* **WORK TO BE COMPLETED**:
Wherever the string "Figure" appears in the records, return the line that holds it.

++++ AVAILABLE RECORDS

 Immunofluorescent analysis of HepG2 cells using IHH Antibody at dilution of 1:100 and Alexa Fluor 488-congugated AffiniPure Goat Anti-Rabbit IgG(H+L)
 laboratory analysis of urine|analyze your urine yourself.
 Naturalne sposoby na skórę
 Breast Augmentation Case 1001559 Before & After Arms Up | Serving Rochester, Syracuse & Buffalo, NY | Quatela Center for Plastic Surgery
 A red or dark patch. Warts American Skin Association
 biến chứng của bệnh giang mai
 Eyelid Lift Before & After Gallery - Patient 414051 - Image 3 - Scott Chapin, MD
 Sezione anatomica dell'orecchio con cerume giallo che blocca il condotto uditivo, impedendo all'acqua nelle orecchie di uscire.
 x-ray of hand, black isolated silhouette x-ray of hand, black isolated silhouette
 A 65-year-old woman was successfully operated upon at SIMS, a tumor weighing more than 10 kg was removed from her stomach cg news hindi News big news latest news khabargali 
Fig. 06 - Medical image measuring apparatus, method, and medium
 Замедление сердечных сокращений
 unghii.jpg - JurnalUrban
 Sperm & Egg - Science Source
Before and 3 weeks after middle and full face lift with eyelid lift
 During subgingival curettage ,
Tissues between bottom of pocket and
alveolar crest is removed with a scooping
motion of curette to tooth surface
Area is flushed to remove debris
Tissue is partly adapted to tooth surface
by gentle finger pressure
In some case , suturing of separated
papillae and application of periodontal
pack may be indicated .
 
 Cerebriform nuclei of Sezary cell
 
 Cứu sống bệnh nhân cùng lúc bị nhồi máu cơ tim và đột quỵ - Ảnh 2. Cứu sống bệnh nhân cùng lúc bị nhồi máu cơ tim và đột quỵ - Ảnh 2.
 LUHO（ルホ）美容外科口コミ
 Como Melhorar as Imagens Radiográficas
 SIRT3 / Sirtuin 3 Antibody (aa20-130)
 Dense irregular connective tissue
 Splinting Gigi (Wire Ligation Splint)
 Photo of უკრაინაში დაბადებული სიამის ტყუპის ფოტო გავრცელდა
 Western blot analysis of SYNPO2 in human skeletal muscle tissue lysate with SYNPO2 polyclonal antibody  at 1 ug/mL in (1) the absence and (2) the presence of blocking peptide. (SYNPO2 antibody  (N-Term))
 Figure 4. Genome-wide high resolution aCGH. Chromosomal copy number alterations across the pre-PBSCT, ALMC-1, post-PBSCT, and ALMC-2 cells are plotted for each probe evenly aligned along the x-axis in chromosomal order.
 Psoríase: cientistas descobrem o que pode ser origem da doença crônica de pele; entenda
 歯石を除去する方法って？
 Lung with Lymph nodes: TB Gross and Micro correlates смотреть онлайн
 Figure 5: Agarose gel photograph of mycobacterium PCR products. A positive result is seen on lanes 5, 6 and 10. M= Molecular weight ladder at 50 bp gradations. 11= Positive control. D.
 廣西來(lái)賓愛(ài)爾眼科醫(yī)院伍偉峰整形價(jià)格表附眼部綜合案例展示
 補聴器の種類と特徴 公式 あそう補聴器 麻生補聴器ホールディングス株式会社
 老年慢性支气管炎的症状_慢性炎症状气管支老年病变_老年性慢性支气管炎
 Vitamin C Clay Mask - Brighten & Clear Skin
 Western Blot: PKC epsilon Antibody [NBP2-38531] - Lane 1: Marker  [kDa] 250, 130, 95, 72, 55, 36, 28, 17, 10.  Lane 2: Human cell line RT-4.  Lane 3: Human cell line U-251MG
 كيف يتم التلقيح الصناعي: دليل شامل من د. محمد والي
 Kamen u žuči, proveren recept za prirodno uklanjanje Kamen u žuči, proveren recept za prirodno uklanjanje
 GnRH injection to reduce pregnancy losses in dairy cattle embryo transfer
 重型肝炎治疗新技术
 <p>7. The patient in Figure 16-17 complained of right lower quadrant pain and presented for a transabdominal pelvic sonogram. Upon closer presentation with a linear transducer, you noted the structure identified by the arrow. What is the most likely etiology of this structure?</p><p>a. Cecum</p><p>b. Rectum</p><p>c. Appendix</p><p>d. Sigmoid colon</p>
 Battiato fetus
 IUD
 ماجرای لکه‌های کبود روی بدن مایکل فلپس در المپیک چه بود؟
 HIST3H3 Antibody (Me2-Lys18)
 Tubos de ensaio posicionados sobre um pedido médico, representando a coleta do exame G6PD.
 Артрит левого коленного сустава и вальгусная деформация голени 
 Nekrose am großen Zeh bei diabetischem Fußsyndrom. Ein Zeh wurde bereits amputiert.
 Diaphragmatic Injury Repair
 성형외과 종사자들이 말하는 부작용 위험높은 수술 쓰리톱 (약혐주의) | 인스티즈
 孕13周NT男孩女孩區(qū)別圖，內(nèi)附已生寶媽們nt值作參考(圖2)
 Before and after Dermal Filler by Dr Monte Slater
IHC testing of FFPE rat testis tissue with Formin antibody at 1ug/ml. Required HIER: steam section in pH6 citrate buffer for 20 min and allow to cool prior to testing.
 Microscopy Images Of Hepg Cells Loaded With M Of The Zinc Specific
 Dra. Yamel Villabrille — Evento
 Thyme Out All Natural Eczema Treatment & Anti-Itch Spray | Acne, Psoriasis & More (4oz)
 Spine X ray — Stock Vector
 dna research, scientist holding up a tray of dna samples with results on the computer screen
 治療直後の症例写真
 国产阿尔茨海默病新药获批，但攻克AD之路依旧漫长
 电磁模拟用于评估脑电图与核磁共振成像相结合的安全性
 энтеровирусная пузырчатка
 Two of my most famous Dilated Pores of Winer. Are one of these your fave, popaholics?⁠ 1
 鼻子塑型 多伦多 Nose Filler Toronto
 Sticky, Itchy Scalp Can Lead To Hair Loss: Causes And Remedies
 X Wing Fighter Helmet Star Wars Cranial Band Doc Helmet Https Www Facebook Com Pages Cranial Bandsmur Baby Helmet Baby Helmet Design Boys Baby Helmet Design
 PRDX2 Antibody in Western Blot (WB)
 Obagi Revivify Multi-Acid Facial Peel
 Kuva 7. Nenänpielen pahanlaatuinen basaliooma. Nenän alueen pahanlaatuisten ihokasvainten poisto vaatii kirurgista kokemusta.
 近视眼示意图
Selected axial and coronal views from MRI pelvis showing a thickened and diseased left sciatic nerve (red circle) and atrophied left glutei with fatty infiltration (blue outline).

++++++++

* **RESPONSE AREA**:
 Figure 4. Genome-wide high resolution aCGH. Chromosomal copy number alterations across the pre-PBSCT, ALMC-1, post-PBSCT, and ALMC-2 cells are plotted for each probe evenly aligned along the x-axis in chromosomal order.
 Figure 5: Agarose gel photograph of mycobacterium PCR products. A positive result is seen on lanes 5, 6 and 10. M= Molecular weight ladder at 50 bp gradations. 11= Positive control. D.
 <p>7. The patient in Figure 16-17 complained of right lower quadrant pain and presented for a transabdominal pelvic sonogram. Upon closer presentation with a linear transducer, you noted the structure identified by the arrow. What is the most likely etiology of this structure?</p><p>a. Cecum</p><p>b. Rectum</p><p>c. Appendix</p><p>d. Sigmoid colon</p>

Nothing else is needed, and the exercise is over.